The tactility noted by Raykoff anticipates what the final section of this volume explores: touch. In considering how sensitivity to and perception of touch were measured in the nineteenth century, David Parisi argues that the monstrous devices used for such measurements laid the intellectual foundations for current understanding and scientific involvement in touch-based human computer interfaces. Yet while Parisi observes these devices carefully, he does not clearly explain how they fit into a collection of essays focused mainly on literary and cultural texts. Better fitting are Colette Colligan's insights into the clandestine book trade in London between 1880-1900. In studying the production-- in the 1890s-- of an obscure, monosexually erotic English novel called Teleny, she interestingly combines geography, culture and print production. Surreptitiously composed by several hands (which may have included that of Oscar Wilde), Teleny emerged from a Covent Garden bookshop located at the heart of bohemian London cultural life. While closely scrutinizing the tactile qualities of the novel, Colligan also explores the gay, cosmopolitan neighborhood that nurtured the printing of it.

Touch is supposedly at the heart of Christopher Keep's piece on telegraphy, gender, and the representation of both in Henry James's short story In The Cage. As telegraphy and Morse code-operated systems moved into the mainstream of communication systems in the late nineteenth century, women were allowed to enter the workplace as keyboard operators. As Keep shows, this feminization of the keyboard sparked debate. Since keyboard operators using Morse code systems depended on the ear to decode messages, often at a faster rate than via the eye, this was said to affect their senses directly, to communicate directly to the nervous system. Hence the telegraph came to be seen as a feminine or gendered form of communication, relying on sensual intuition to decode its meaning. Furthermore, since a woman's so-called "neurological nervous sensibility" might be dangerous in a job relying so much on the senses, the question of whether such a job should be given to women was hotly debated, even as it became--for upwardly mobile women-- a clear entry into the workplace. Contemporary anxieties over the role of the senses in industrial communication are played out in Henry James's novella, wherein a female postal employee succumbs to "the sympathetic vibrations she detects in the correspondence between two members of the gentry class" (242). But in the end, as Keep points out, James's tale confounds general views. Rather than being overcome and socially lost as a result of her work with the telegraph, the heroine becomes more feminine and sensitized.

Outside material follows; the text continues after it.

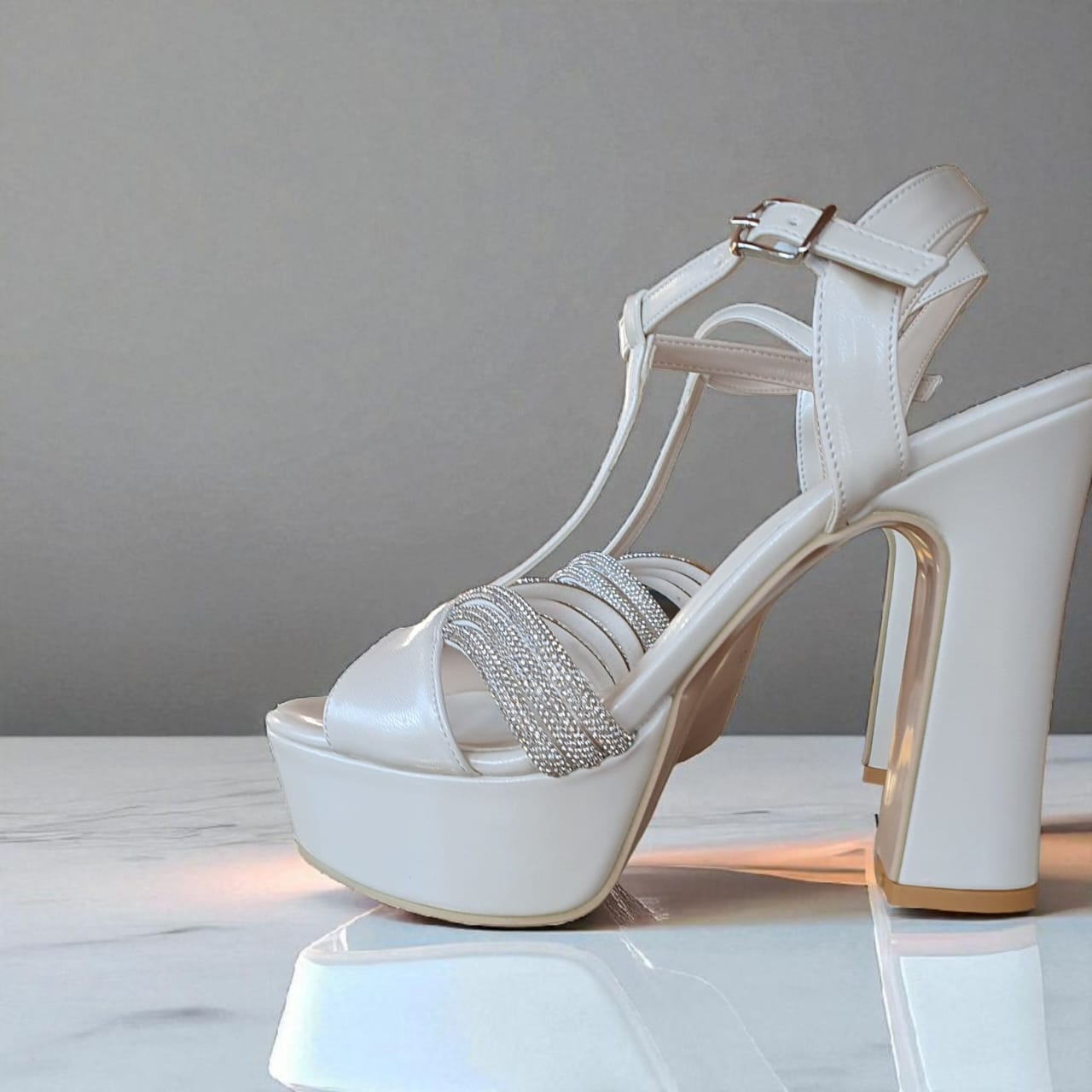 White high-heeled sandal with platform and rhinestone details on a reflective surface.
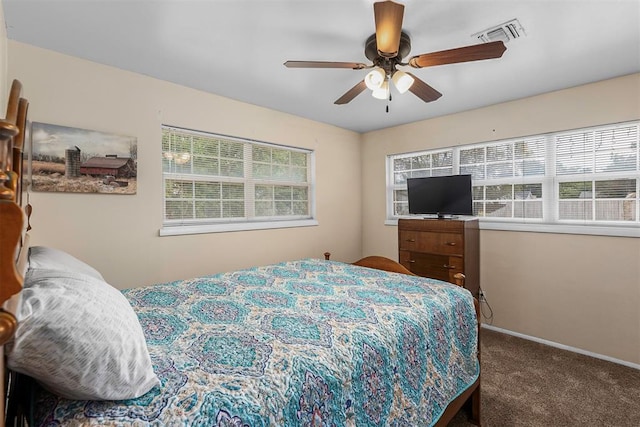 carpeted bedroom featuring ceiling fan and multiple windows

To conclude the volume, Margaret Linley examines Frankenstein as a case study in media migration or remediation. Closely tracking the evolution of Mary Shelley's text from its first publication in 1818 to its revision in 1832, Linley shows how it wound its way into the popular culture of its time. It was cited in political debates about slavery, class rights and struggles, political reform, and science. The text also seeped into the sports domain as a short-hand way of suggesting how animals might be turned into valuable machines created for the entertainment and profit of human beings. Between 1832 and 1833, Linley tells us, a racing horse named Frankenstein rose to prominence on the back of several key Derby wins, only to wither away and be renamed as its performance diminished. Thus the Frankenstein myth produced the kind of mindset that discarded what no longer did its job--whether animal or mechanical.

What comes through in this collection, then, is a diversity of voices seeking to make sense of Victorian media sensibilities. Some case studies work together better than others. Several are groundbreaking in their perspectives. Within the domain of Victorian studies, each distinctively shows how to use media history and theory in the analysis of specific works.

David Finkelstein is Research Professor of Media and Print Culture at Queen Margaret University, Edinburgh.